**The problem**.
Before copying, set aside the pictures; then restate exactly the lines from the one with "1boy 1boy1girl 1girls" through the last line of the records.

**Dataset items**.
_ _ _
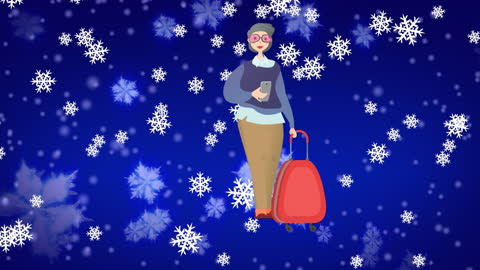 Digital Illustration of Senior Woman in Winter Wonderland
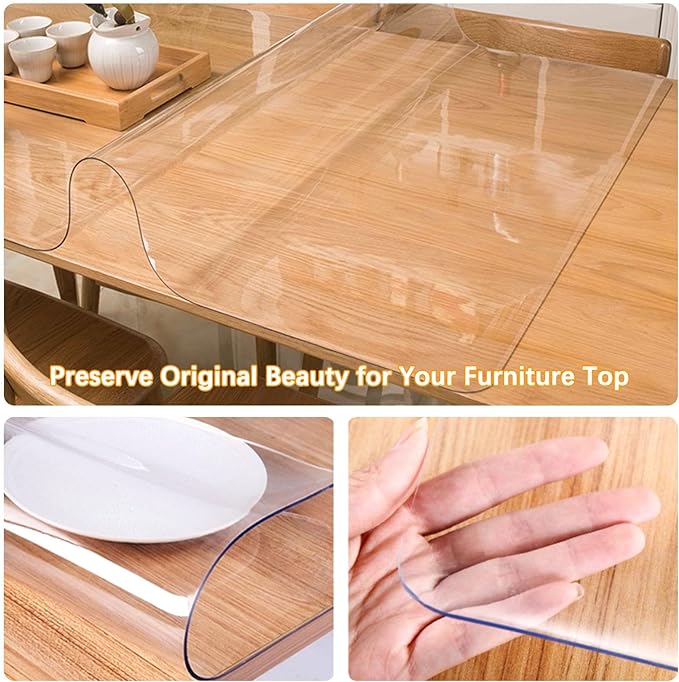 Clear Table Protector 23.6 x 43.4 Inch Thick Plastic Table Cover Protector Waterproof PVC Clear Tablecloth Protector Pad Vinyl Desk Top Protector Mat for Wood Coffee Glass Sofa Side Dining Room Table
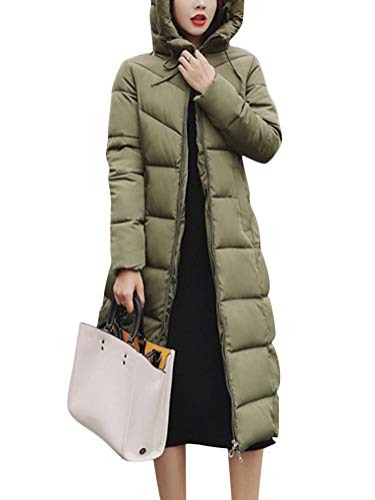 Onsoyours Damen Winterjacke Lange Daunenjacke Warm Parka Jacke mit Fellkapuze Steppjacke Wintermantel Casual Daunenmantel mit Taschen Steppweste Outdoor A Armeegrün L von Onsoyours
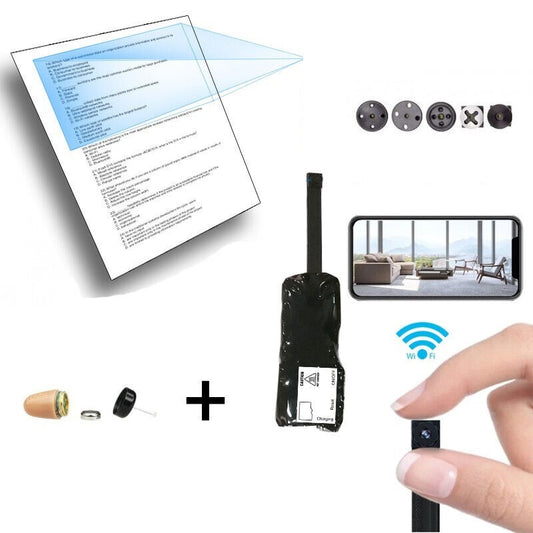 4k Wifi Mini Kamera Wlan IP Live Knopf Überwachungskamera + Spy Headset Spion Kopfhörer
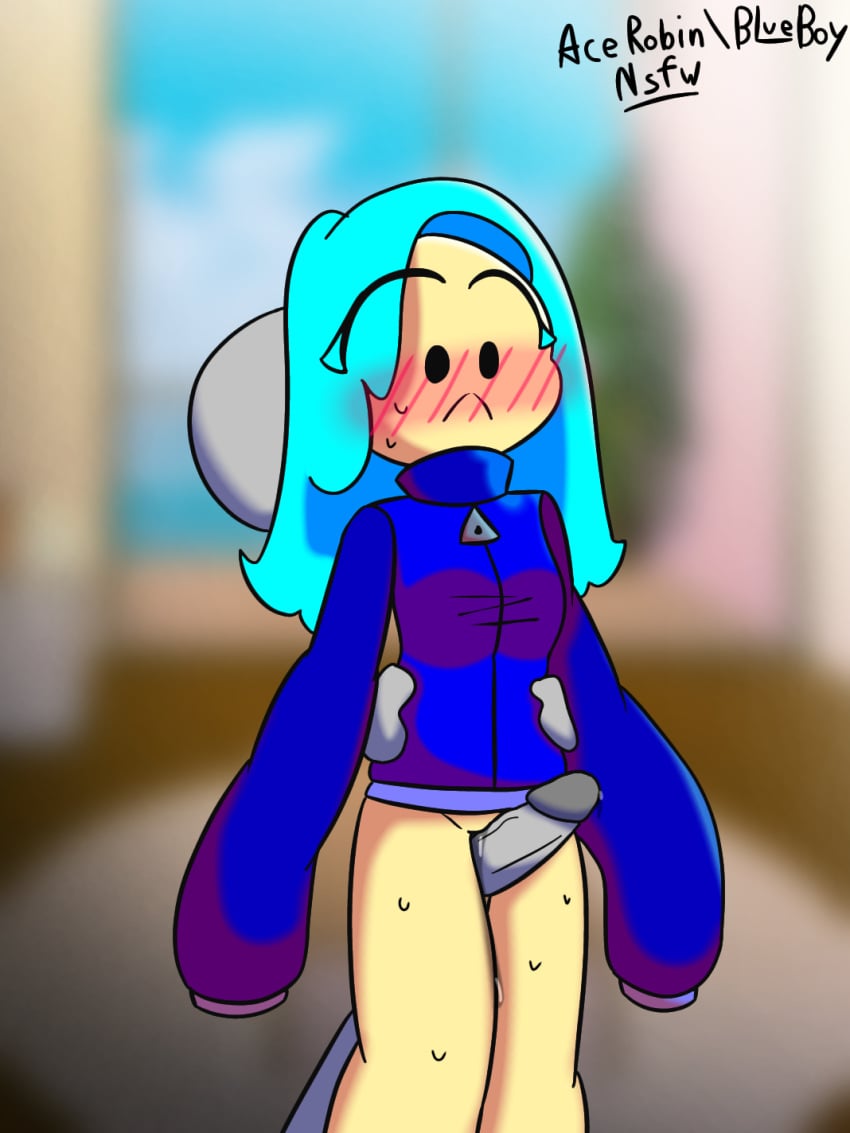 1boy 1boy1girl 1girls :< anon blue_clothing blue_hair blue_hoodie blueboy_(artist) blush blush_lines commando cyan_hair dick going_commando grey_body hoodie looking_at_penis no_panties no_pants oc original_character penis precum pussy pussy_juice pussy_juice_drip tagme thigh_sex vagina wet_pussy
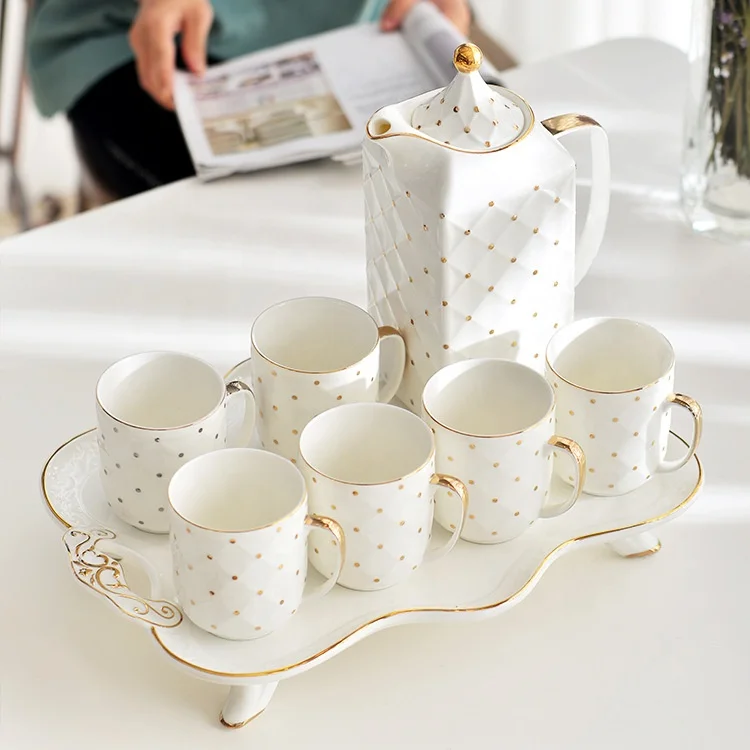 

2021 New Luxury Gold Rim 8Pcs Porcelain Coffee Tea Sets With Gold Decor Design Ceramic Tea Pot And Cup Set, Gold/platinum
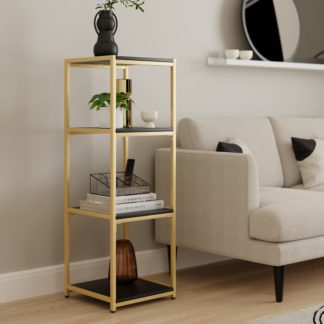 An Image of Modular Gold & Black 4 Shelf Shelving Unit MultiColoured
_ _ _
**Output of the task**.
 1boy 1boy1girl 1girls :< anon blue_clothing blue_hair blue_hoodie blueboy_(artist) blush blush_lines commando cyan_hair dick going_commando grey_body hoodie looking_at_penis no_panties no_pants oc original_character penis precum pussy pussy_juice pussy_juice_drip tagme thigh_sex vagina wet_pussy

2021 New Luxury Gold Rim 8Pcs Porcelain Coffee Tea Sets With Gold Decor Design Ceramic Tea Pot And Cup Set, Gold/platinum
 An Image of Modular Gold & Black 4 Shelf Shelving Unit MultiColoured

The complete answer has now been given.